The education world loves a good awards ceremony. Crystal apples gleam under stage lights. Certificates get framed. LinkedIn posts multiply. We pat ourselves on the back for honoring our best teachers, secure in the knowledge that recognition matters, that it motivates, that it makes the profession more attractive.

But here's the uncomfortable question: What if our obsession with identifying and celebrating exceptional teachers is actually obscuring a much larger problem we're unwilling to face?

The consensus is comforting. Teachers need validation. Recognition drives engagement. Spotlighting excellence sets standards and inspires peers. These things are probably all true in isolation. But what becomes invisible when we focus so intensely on the top performers?

The answer: the collapsing middle.

When we celebrate the 12th annual crystal apple awards, or when education publications run features on the teachers who "fuel a love of learning," we're implicitly accepting a two-tier system. We have exceptional educators doing remarkable things despite systemic constraints. And then we have... everyone else. The competent but unremarkable. The burnt-out but hanging-on. The mediocre. The ones nobody writes about.

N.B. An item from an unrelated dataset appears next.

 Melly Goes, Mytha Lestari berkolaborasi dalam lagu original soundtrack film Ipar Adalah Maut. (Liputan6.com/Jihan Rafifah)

The better question isn't how to recognize excellence. It's what happens when your system requires teachers to be exceptional just to be functional.

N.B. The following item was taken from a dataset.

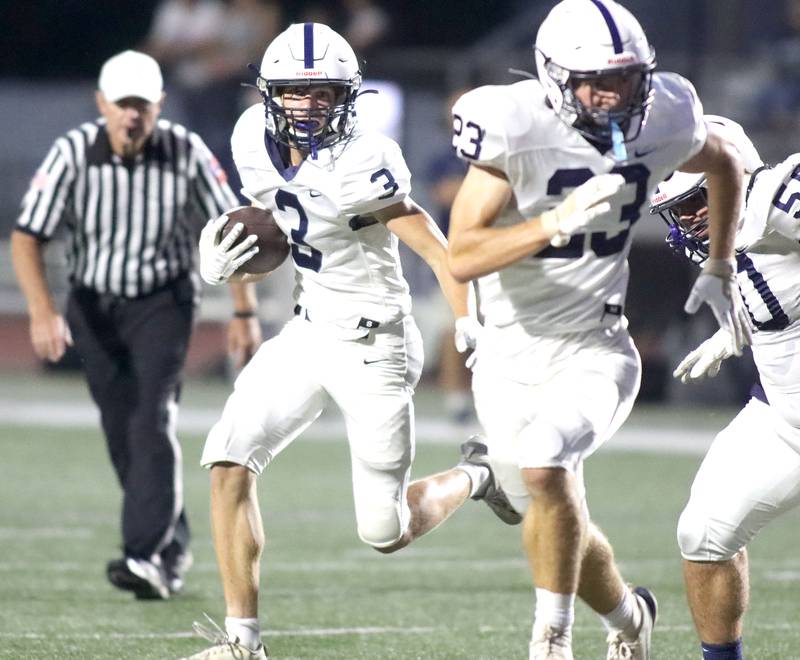 Cary-Grove’s Ty Tenopir runs the ball in for a touchdown in varsity football at Huntley High School in Huntley on Friday, Sept. 19, 2025.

Consider the evidence embedded in recent trends around institutional resilience and adaptation. Schools are being asked to navigate AI procurement decisions, curriculum innovation, social-emotional learning integration, and mental health support simultaneously. These aren't optional extras. They're baseline expectations in 2024. Now ask yourself: how many teachers in the average school building have the training, time, and institutional support to do all this well?

Not many. Which means the system works only when certain individuals exceed expectations dramatically. The exceptional teachers compensate. They stay late. They innovate on their own dime. They become the institutional glue holding things together.

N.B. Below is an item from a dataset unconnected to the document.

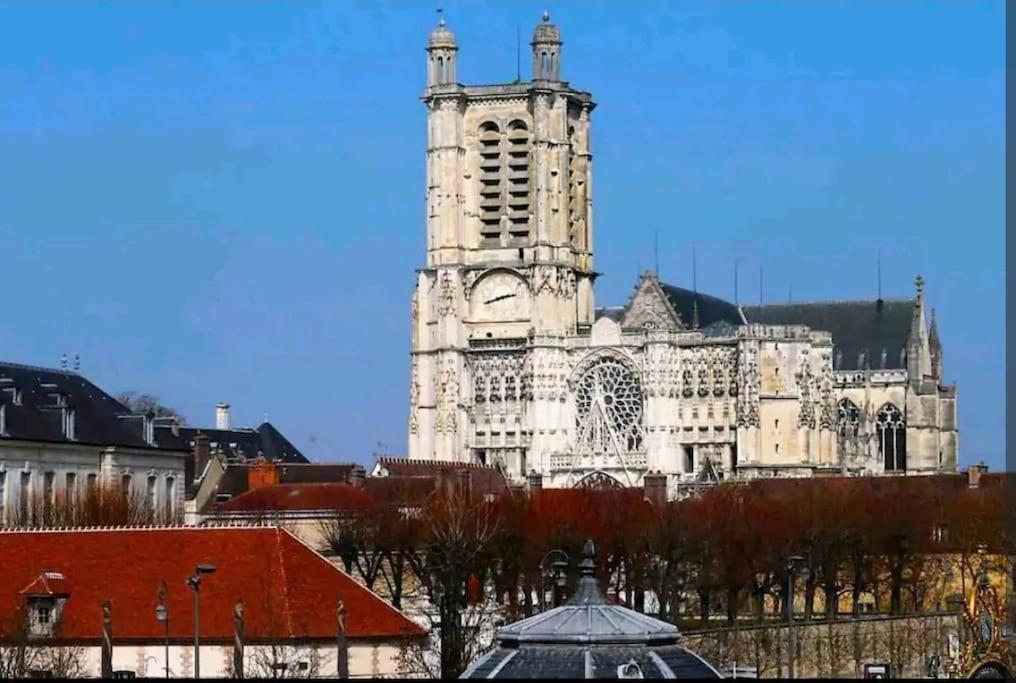 "Les Nuits De 3" Centre-Ville, Parking Gratuit Troyes Kültér fotó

This isn't sustainable, and more importantly, it's not equitable.

When we celebrate exceptional teachers, we're celebrating people who have found ways to succeed despite conditions that make success difficult. We're essentially congratulating people for extraordinary effort. But the real question we should be asking is: why should ordinary effort be insufficient?

The profession has a retention crisis. Teachers are leaving. New recruits aren't entering. We respond by creating more awards, more recognition programs, more pathways to honor excellence. It's like responding to a leaking roof by buying nicer umbrellas for the people standing under it.

What if the problem is that we've normalized a system where teachers must be exceptional to be valued? Where the baseline is high enough that good becomes invisible and average becomes disqualifying?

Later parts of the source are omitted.